WORK ORDER
Using the data below, output a verbatim copy of the lines between the one holding "Nonton Liga Inggris" and the one holding "STONE ISLAND JACKET: Jacket", inclusive, without any pictures.

EXTRACTED MATERIAL
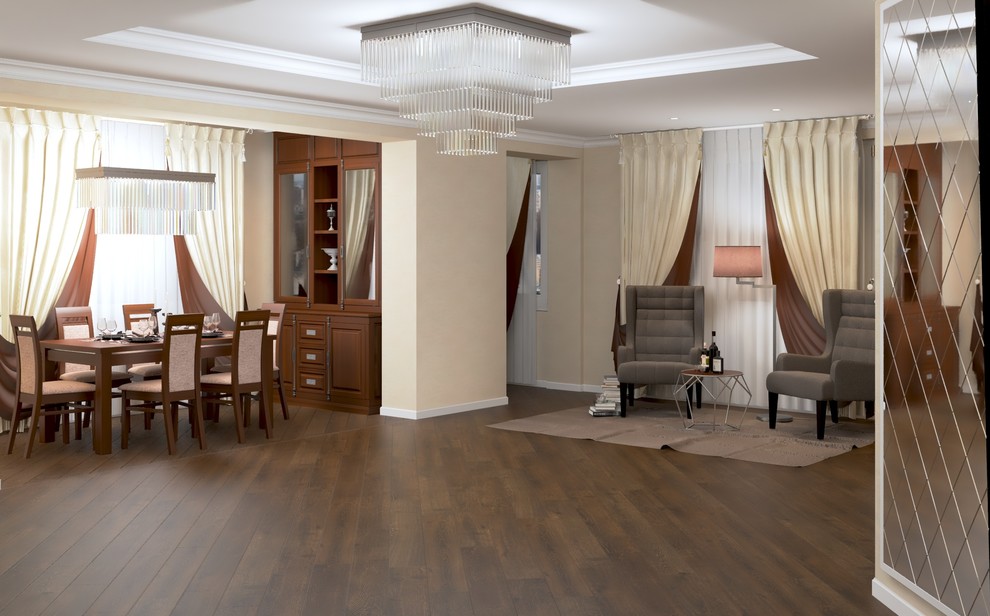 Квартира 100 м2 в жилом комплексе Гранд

---

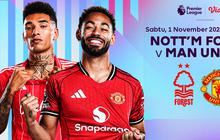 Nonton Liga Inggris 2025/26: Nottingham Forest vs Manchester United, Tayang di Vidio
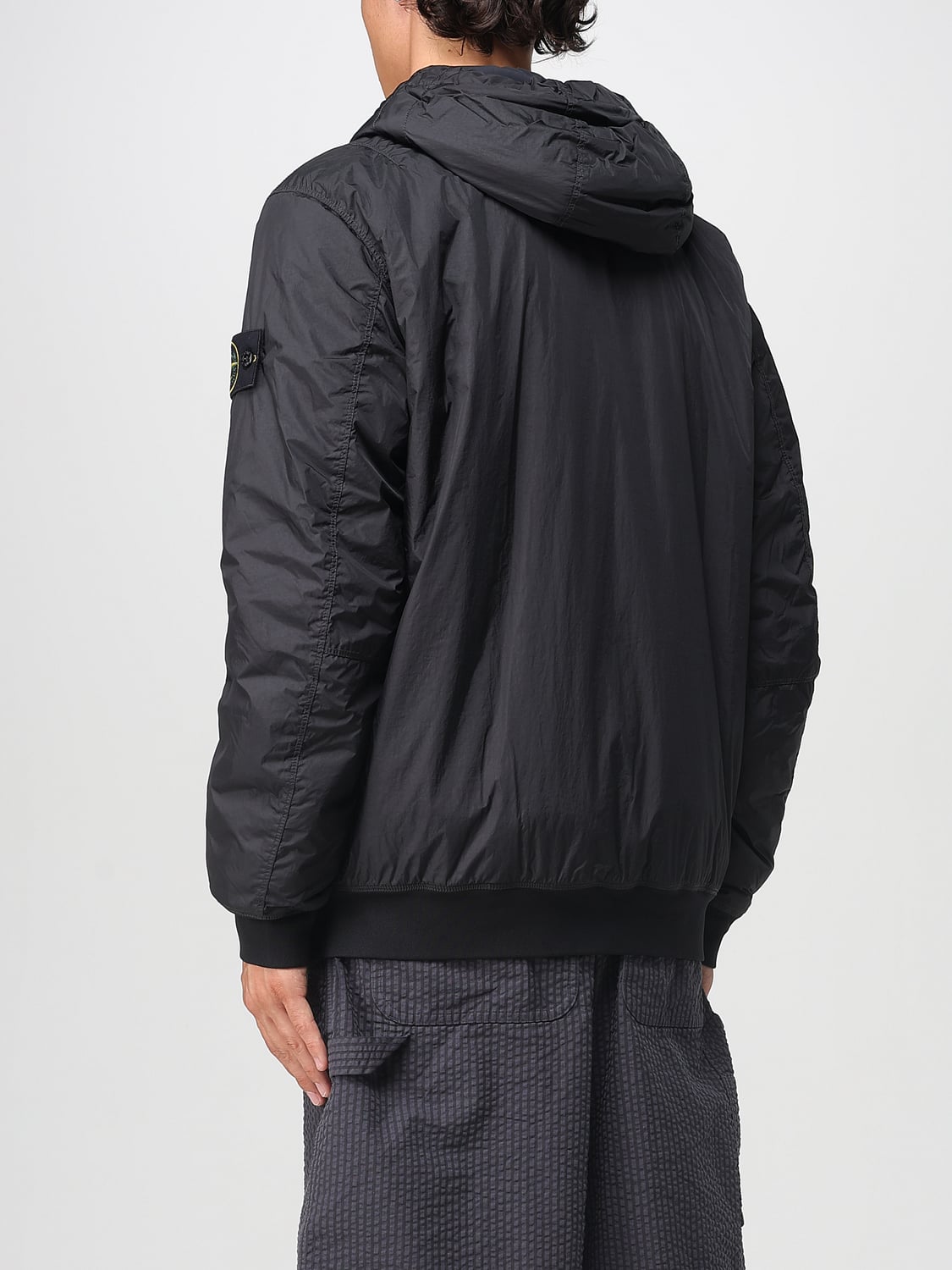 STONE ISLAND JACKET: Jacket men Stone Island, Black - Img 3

WRITTEN REPLY
 Nonton Liga Inggris 2025/26: Nottingham Forest vs Manchester United, Tayang di Vidio
 STONE ISLAND JACKET: Jacket men Stone Island, Black - Img 3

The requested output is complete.